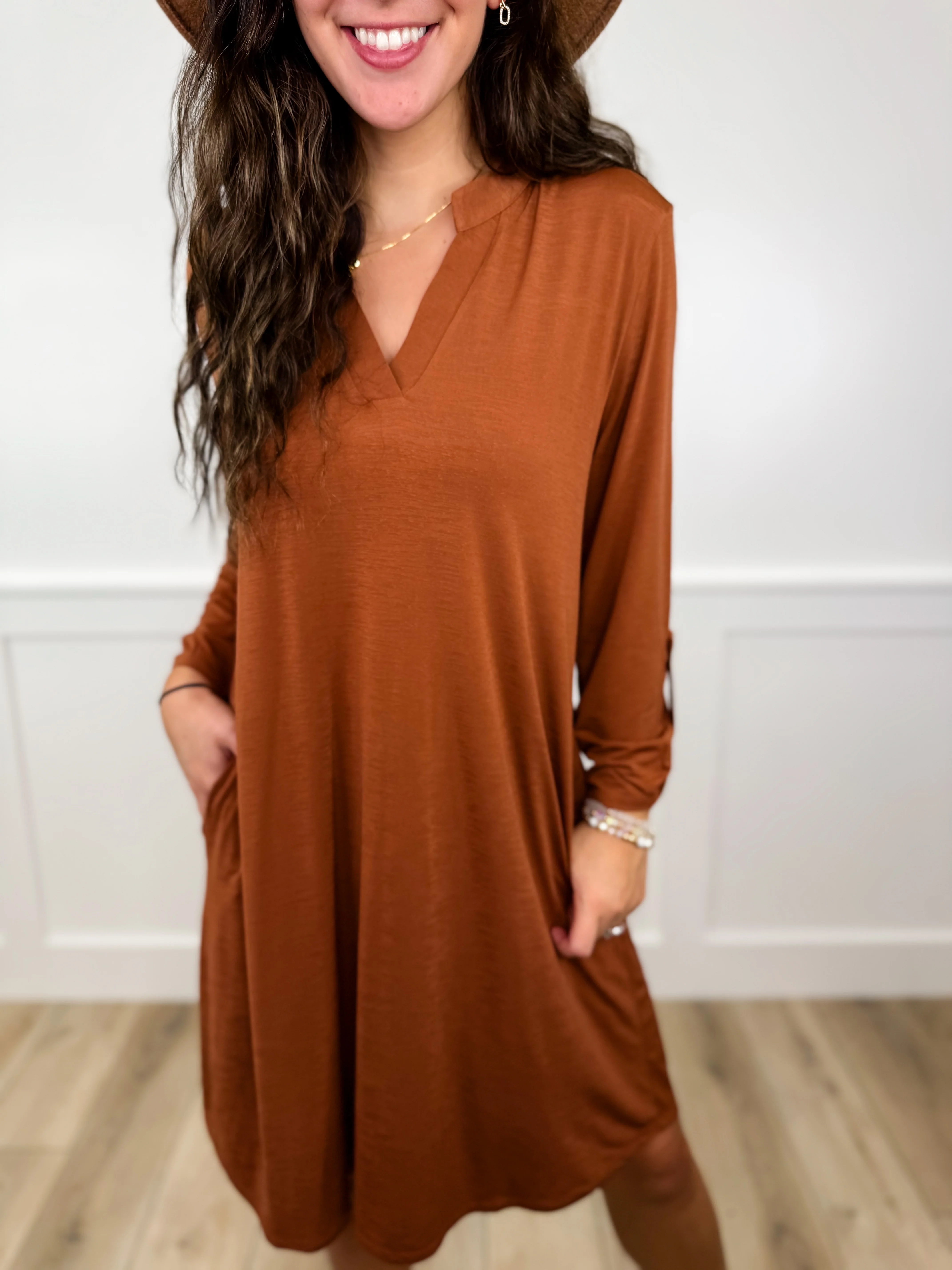 Dear Scarlett Thinking Straight Wrinkle-Free Dress - 7 colors! - Image 9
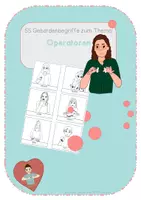 Vorschau - Fördermaterial/Inklusion - 55 Operatoren in Gebärdensprache - Cliparts / Bilder - wachsender Paket - Seite 3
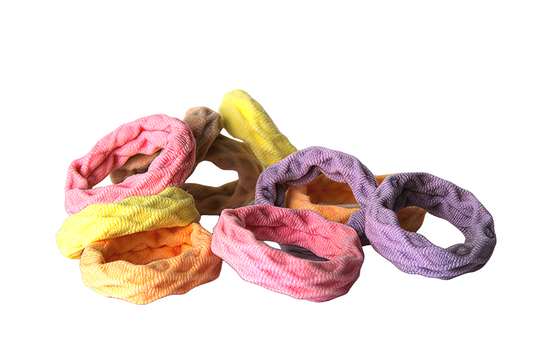 Hisa Haarelastiek Stof - 10-Pack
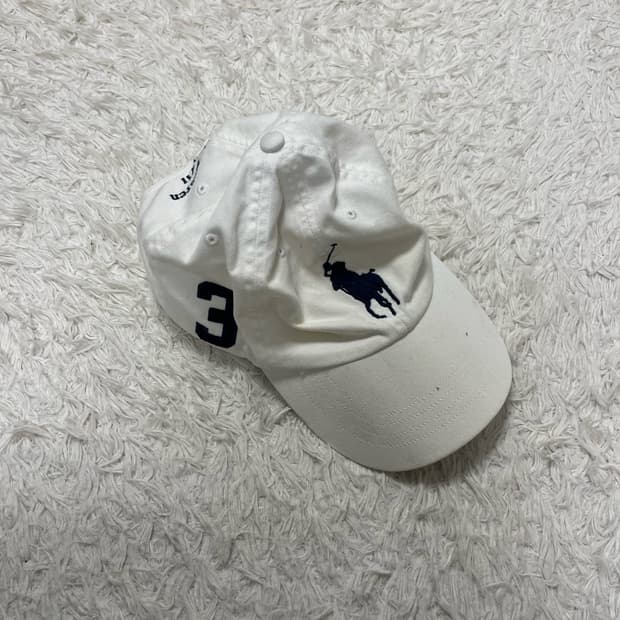 Polo big pony white ball cap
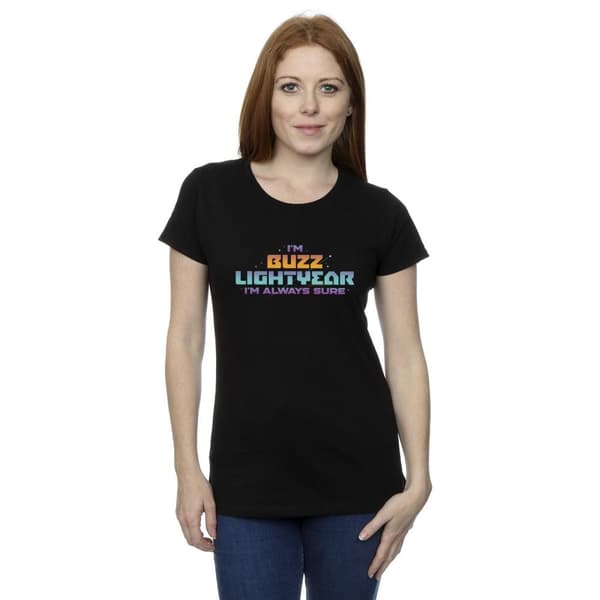 Disney Dam/dam Lightyear Always Sure Text T-shirt i bomull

» **Task to carry out**
Give every record again word for word, pictures excluded.

» **Finished task**
 Dear Scarlett Thinking Straight Wrinkle-Free Dress - 7 colors! - Image 9
 Vorschau - Fördermaterial/Inklusion - 55 Operatoren in Gebärdensprache - Cliparts / Bilder - wachsender Paket - Seite 3
 Hisa Haarelastiek Stof - 10-Pack
 Polo big pony white ball cap
 Disney Dam/dam Lightyear Always Sure Text T-shirt i bomull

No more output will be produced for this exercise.